_SOURCE DATA_.
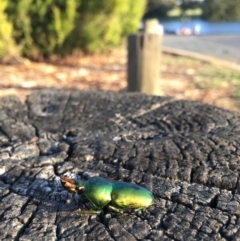 Lamprima aurata (Golden stag beetle) at Scullin, ACT - 6 Jan 2019 by W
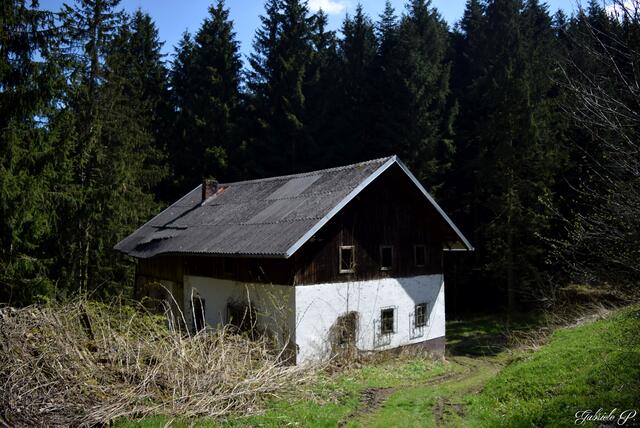 Blick zurück auf den Lost Place / Münzkirchen  | Foto: Gabriele P.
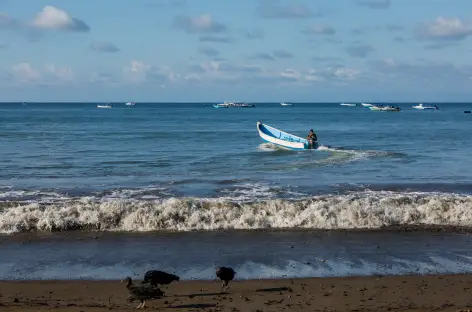 Baie de Drake - Costa Rica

_WHAT IS BEING ASKED_.
Copy the line showing "Blick zurück auf" exactly, along with each line after it through the end of the material above. Pictures stay out.

_ANSWER FOR THIS EXERCISE_.
 Blick zurück auf den Lost Place / Münzkirchen  | Foto: Gabriele P.
 Baie de Drake - Costa Rica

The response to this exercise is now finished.